PLEASE NOTE I AM NOT A DOCTOR, THERAPIST OR COMBAT VETERAN. I AM A GIRL WITH MY OWN UNIQUE PERSONAL UNDERSTANDING OF PTSD AND THAT IS THE BASIS OF THIS BLOG.
FOR FURTHER BASIC MEDICAL INFO ON PTSD: http://www.webmd.com/mental-health/post-traumatic-stress-disorder-ptsd
Living with PTSD can be manageable.
Some people think that Post Traumatic Stress Disorder has become so "common" that it's now just a term that people throw out about themeselves to gain some form of sympathy or compassion.
The rest of us know it's a very real disorder that affects millions of us.
In layman terms, it's a mental disorder that comes when we go through something so traumatic that our brain kind of stops in that moment and gets stuck. Once it gets stuck, it's beyond hellacious to "unstick it." And most of the time, we don't know that our brain got stuck, which can make moving through it impossible for a long time. There's not a pill to take to 'get over it' and it's something we have to learn how to live with and learn how to manage our triggers.
For some, it takes just one big juicy event to cause PTSD to kick in. For others, like me, it's a string of events that take place over a lifetime that culminate and feed on each other that wind up resulting in PTSD. In my case, it came from never finding my own coping skills to deal with traumatic events from a young age and into my adulthood. (Which in turn led to an awesome road of self-destructive idiocy.)
I was not thrilled to have more than one person diagnose me.
I believe PTSD affects each person differently. We are all different to begin with, so I personally don't know that every person who has it has the same "brand" or intensity, etc.
One of the biggest tribulations is managing triggers. I've known several combat veterans with varying degrees of PTSD and several civilians--also with varying degrees. And I don't know that anyone has perfected the art of managing triggers.
Living with PTSD is a pain in the ass. Some days everything is peachy and wonderful. Some days, it's as if I've been hit in the head with a rock. Since I am not one to take meds or any of that, I get to experience fully feeling everything.
A few of the triggers on my end include: Feeling trapped, being hit with a situation in which I feel helpless, feeling physically threatened and being opressed with intense negative energy from other people. In turn, I wind up losing sleep, being incredibly irritable for no solid reason, wicked nightmares and random anxiety attacks that spring from the ether.
I won't lie-there's plenty of times I've not managed well. As it turns out, I've had this for several years without knowing. It's only been on my conscious mind the last three years, after I had two different people diagnose me and that I have damn as near every symptom from a flippin' textbook.

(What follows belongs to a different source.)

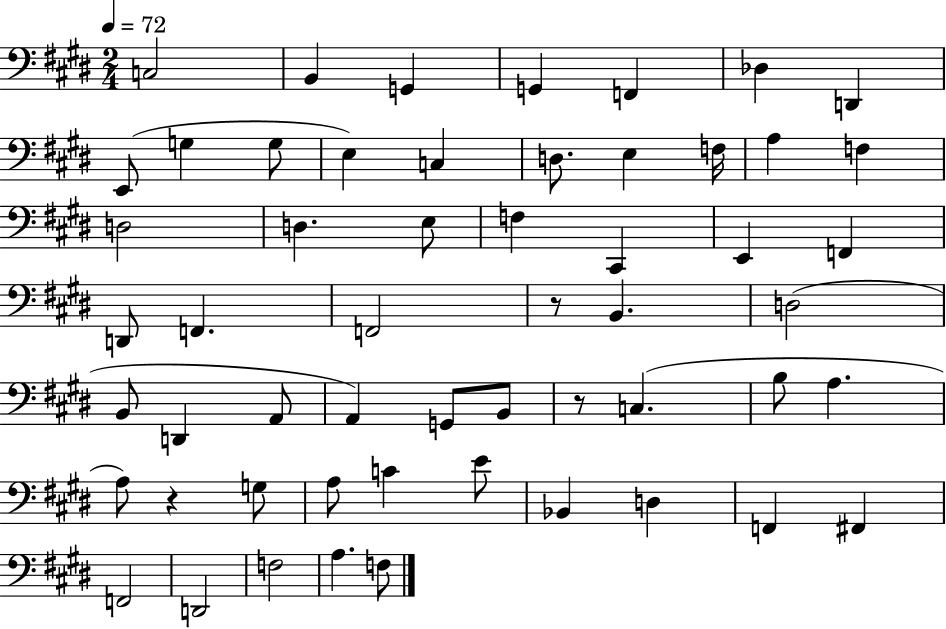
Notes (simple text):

C3/h B2/q G2/q G2/q F2/q Db3/q D2/q E2/e G3/q G3/e E3/q C3/q D3/e. E3/q F3/s A3/q F3/q D3/h D3/q. E3/e F3/q C#2/q E2/q F2/q D2/e F2/q. F2/h R/e B2/q. D3/h B2/e D2/q A2/e A2/q G2/e B2/e R/e C3/q. B3/e A3/q. A3/e R/q G3/e A3/e C4/q E4/e Bb2/q D3/q F2/q F#2/q F2/h D2/h F3/h A3/q. F3/e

I realized I'd been through enough hell.
I started to work on my "stuff." I got rid of my last and final insane abusive relationship and bought a kicking bag to work out extraneous aggression. I quit smoking. I let go of everyone in my life that didn't feed my higher good. I totally lost my mind for a while. It was like being a prison of myself. I thought taking these measures would make it all good and make everything go away. As it turned out, my body and mind were COMFORTABLE in hell. WHAT?? Yeah. It's amazing what we tell ourselves is ok. Over time, we believe ourselves. The point is, I could change all my outer life all I wanted.
But I hadn't considered how much had to change inside.
Believe it or not, I quit therapy. Talking endlessly about the past was never going to change the past, and I figured if I could figure out how to change my belief about my present and fling my perception around and see things differently... That might help more.
Enter my doing a ton of yoga. And I do mean a ton. Sometimes 2 or 3 classes a day.
In came spending more time by myself and not wasting time with crazy makers. There were weekends when I would just go hiking and go to yoga class and not really talk to anyone. I went full IN so I could figure a way OUT. (Thank you, Yoga Shelter, for that thought provoking gem!)
And slowly, I crawled out of hell. And I do mean SLOWLY. And sometimes, when triggers present themselves, I will dip in and visit hell. But it's brief. And it's not as crashing down hard anymore. Like I said, it never fully goes away.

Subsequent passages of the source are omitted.